• Your instructions
Using the material below, print a verbatim copy of every line from the one containing "Vista 6 de PLWORLD" through the one containing "A vibrant landscape", inclusive, and omit the pictures.

• Records provided
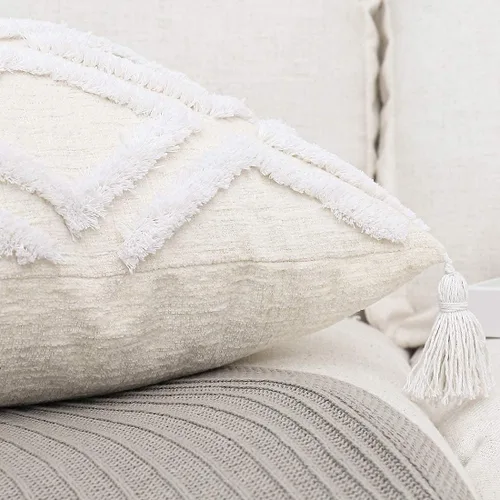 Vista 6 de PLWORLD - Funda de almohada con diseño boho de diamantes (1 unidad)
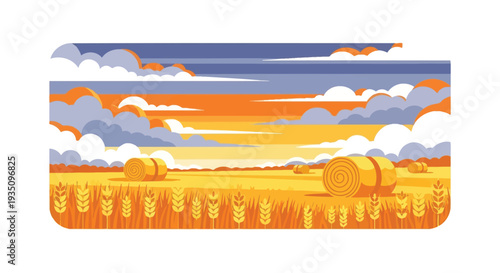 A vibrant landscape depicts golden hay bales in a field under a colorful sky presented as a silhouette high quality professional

* * *

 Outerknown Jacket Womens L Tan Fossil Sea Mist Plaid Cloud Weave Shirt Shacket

• Result for this task
 Vista 6 de PLWORLD - Funda de almohada con diseño boho de diamantes (1 unidad)
 A vibrant landscape depicts golden hay bales in a field under a colorful sky presented as a silhouette high quality professional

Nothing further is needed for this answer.